15 Şubat 2019 Cuma

Dozer Gibi…

Devlete ait bir okulda okul müdürü olarak görev yapmaktayken sadece sendikadan dolayı açığa alındım sonra ihraç oldum.

3 çocuğum var. Maddi sıkıntılardan dolayı açığa alınınca bir arkadaşımla ortak bir cafe açtım. Maddi sıkıntılarım devam ediyor. 1 dairem vardı, satmak için tapuya başvurdum; tapu da satamazsın dediler, haciz koydurmuşlar. İtiraz ettim, dilekçe verdim. Savcılık emniyetten araştırılsın diye tapu savcılığa yazmış ama cevap gelmedi.

Bu arada bir avukatla tanıştım.

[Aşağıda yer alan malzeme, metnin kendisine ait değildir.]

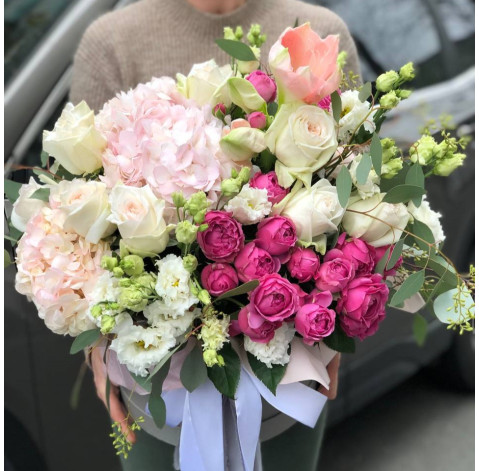 Flower arrangement Warmth of hugs 4 Flower delivery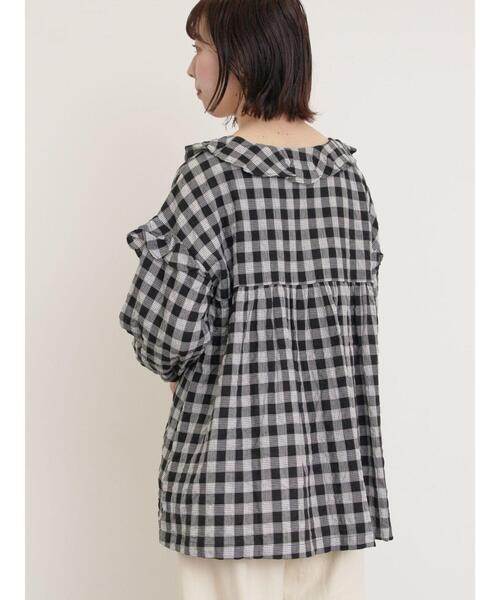 Samansa Mos2（サマンサ モスモス）の「襟フリルVネックチュニック（シャツ/ブラウス・レディース・ブラック/オフホワイト/ミント/イエロー・F）」の9枚目の写真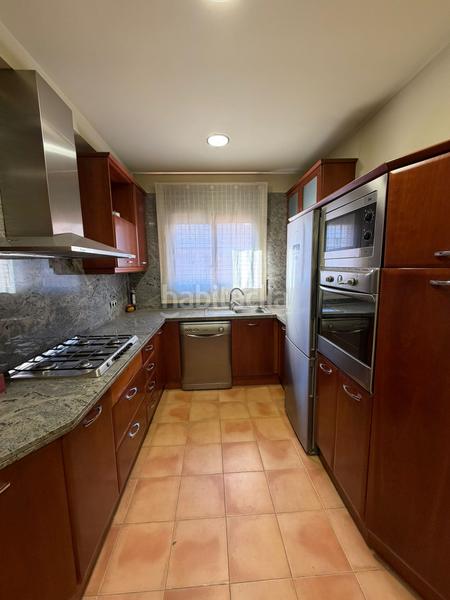 Foto 59542f62-d805-4019-a80c-755bc15bf25f. Casa amb calefacció aparcament a Can Tintorer-Can Tries Gavà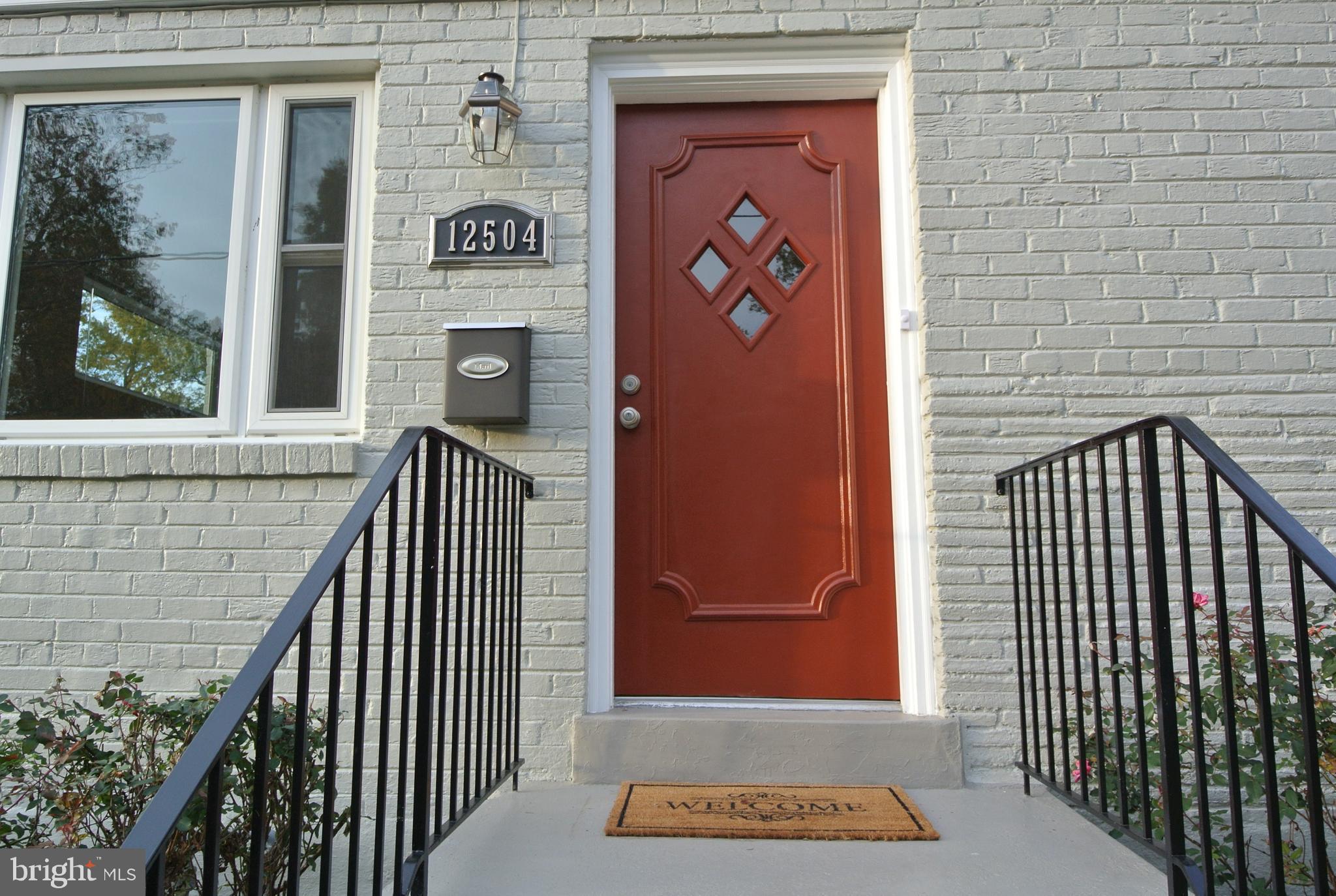 12504 Denley Road Silver Spring, MD 20906 - Photo 2 of 30 Gracious with a touch of mid-century style.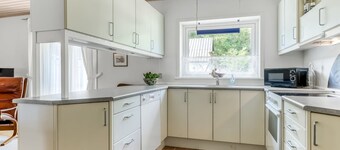 "Gilbert" - 500m from the sea by Interhome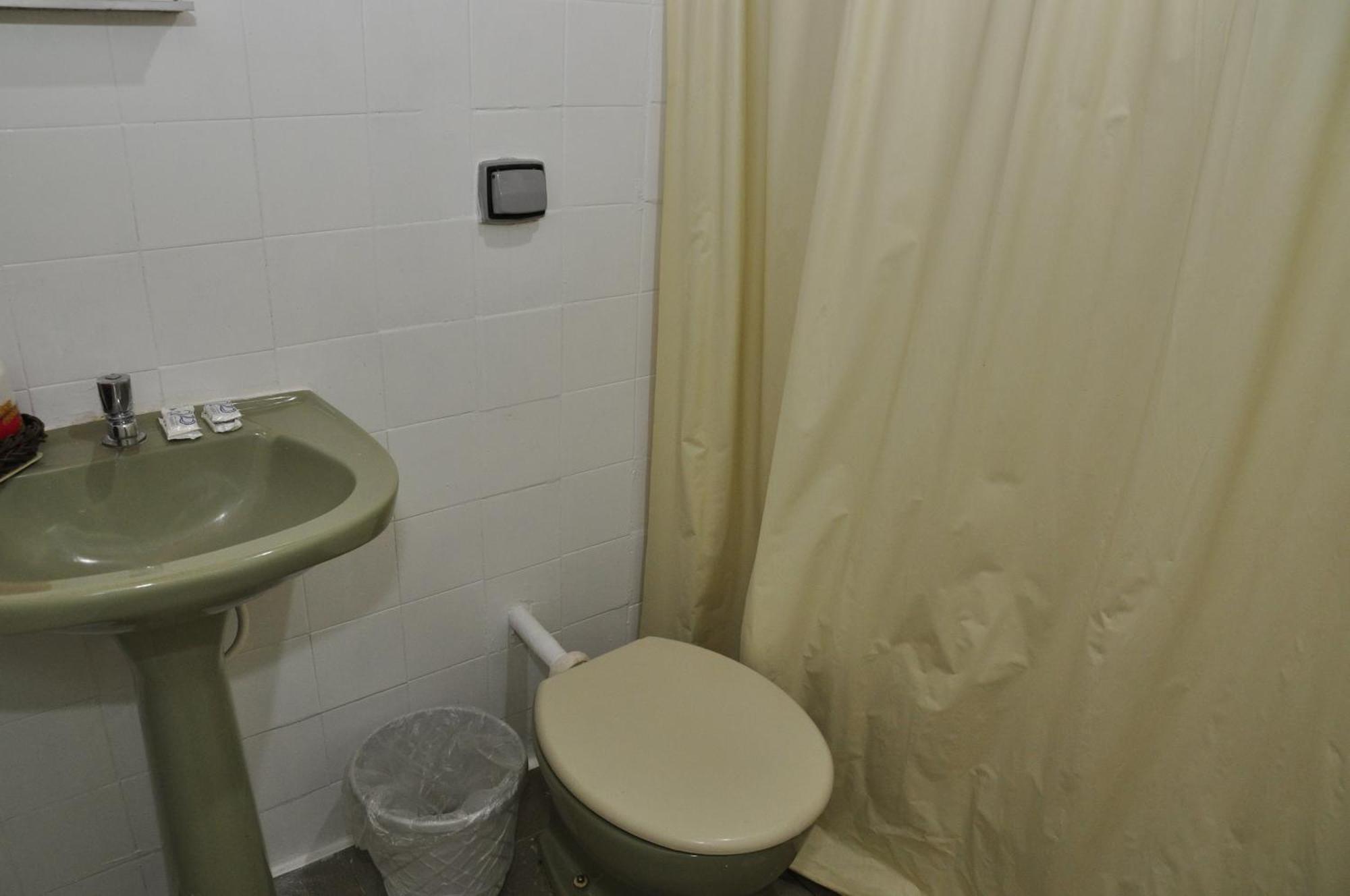 Twin Room,397383714:JPEG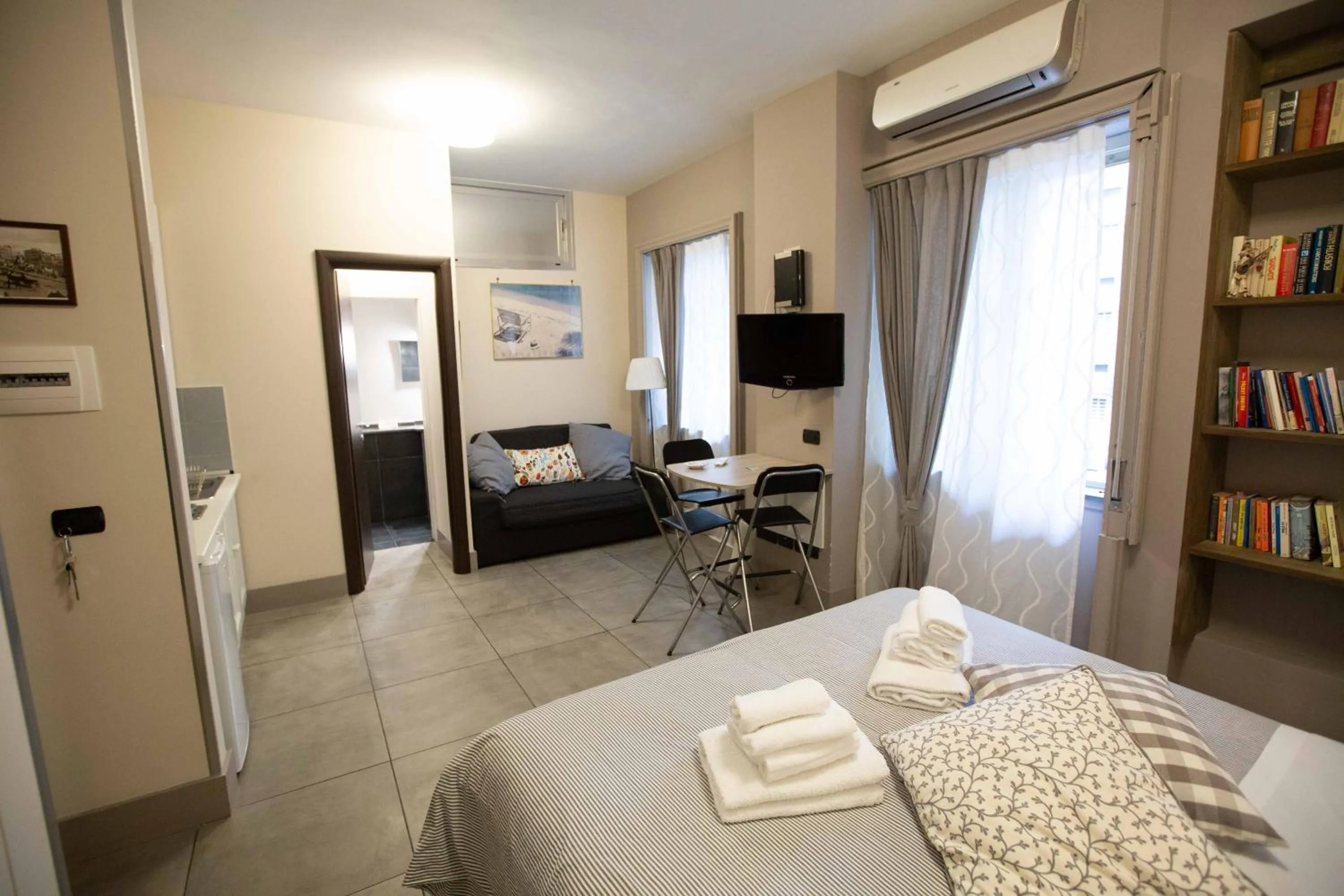 Photo of the whole room, Bed in Two Sisters Suites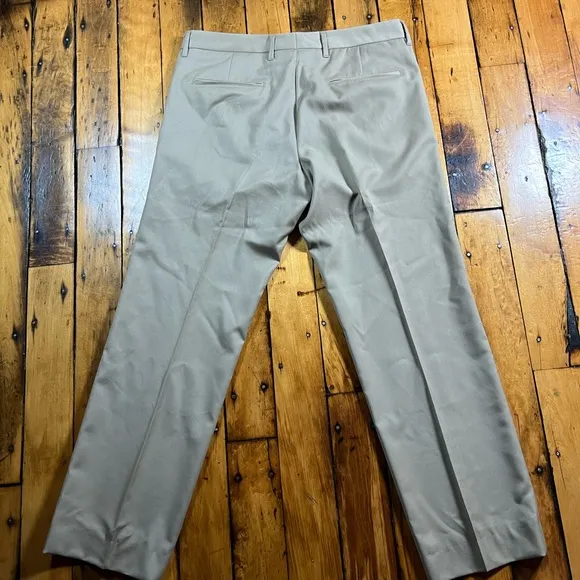 Hugo Boss Men’s 34x30 100% Virgin Wool Dress Pants Slacks Tan Beige Luxury Soft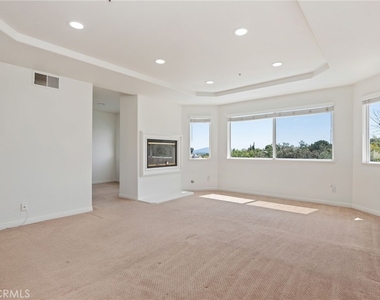 17830 Arvida Drive - Photo Thumbnail 20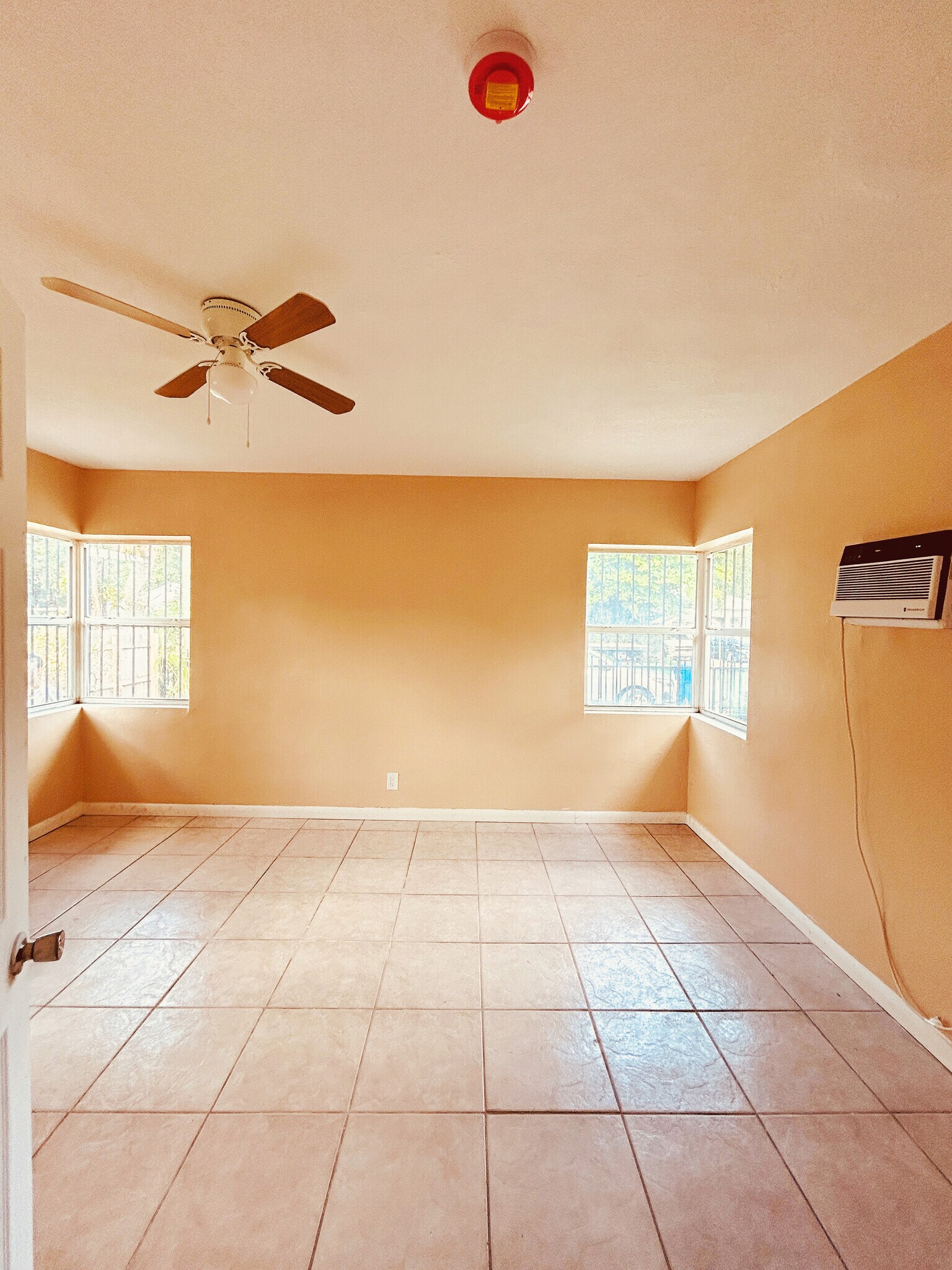 Building Photo - 7530 NE 3rd Ave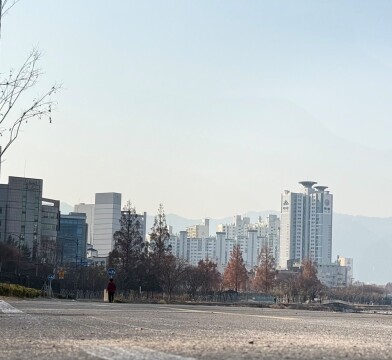 낮 기온 평년 크게 웃돌아 포근...토요일 비 예상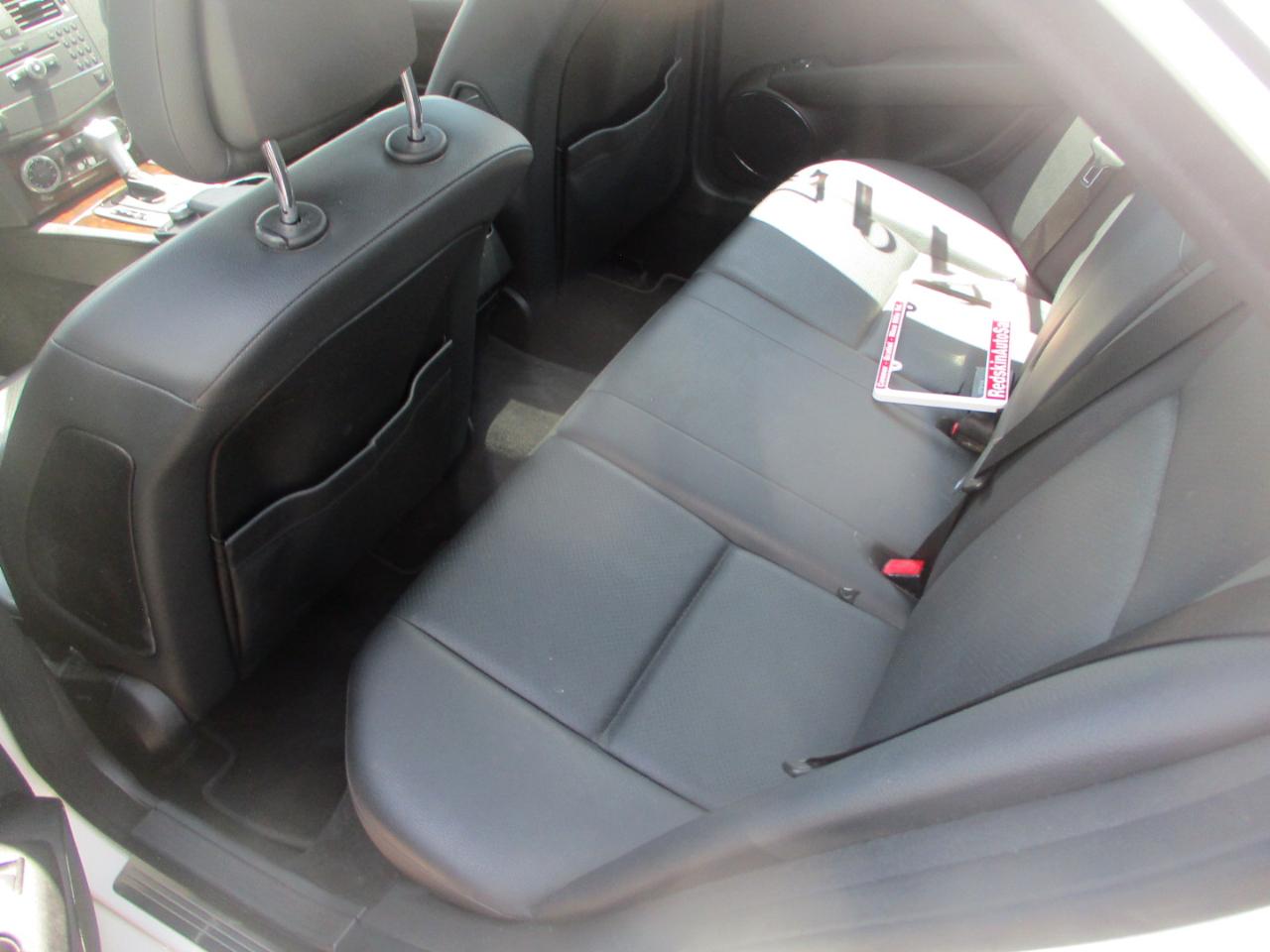 Mercedes-Benz C-Class C300 4MATIC Sport Sedan 2010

Bana adliyeye gidip durumu anlatarak satabileceğimi söyledi. Ben adliyeye gittim ama tapunun gönderdiği yazıyı bulamadılar. Ben de rasgele bir cumhuriyet savcısına direk gidip durumu anlatmak istedim. Selam verip ihraç olduğumu ve borçlarımdan dolayı evlerimi satmak istediğimi ancak tapuda sorun çıkardıklarını söyledim.

Savcı ilgilendi; tapudan gönderilen yazıyı elden getir dedi, getirdim. Tapuya yazı yazdı; satılmasında bir sakınca yoktur dedi. Aynı kağıdı fax çekti, bir örneğini bana verdi. Elden götürüp verdim. Bu şekilde evimi sattım. Eşim çalışmıyor, cafe ancak kendisini çeviriyor.

Şu an sattığım dairenin parası ile geçiniyorum. Bir kısmını da cafe açmak için sermaye olarak kullandım. Evi satınca kiraya geçtim evim kira ve işyeri dönmüyor, zarar ediyorum. Bu mağduriyetin giderilmesini talep ediyorum.

Ve benim durumumda yüzbinlerce insan var Türkiye’de. Ancak ortada hukuk yok, adalet yok, güvenlik yok, mal ve can emniyeti yok. Devlet aygıtı dozer gibi önüne geleni tahrip ediyor.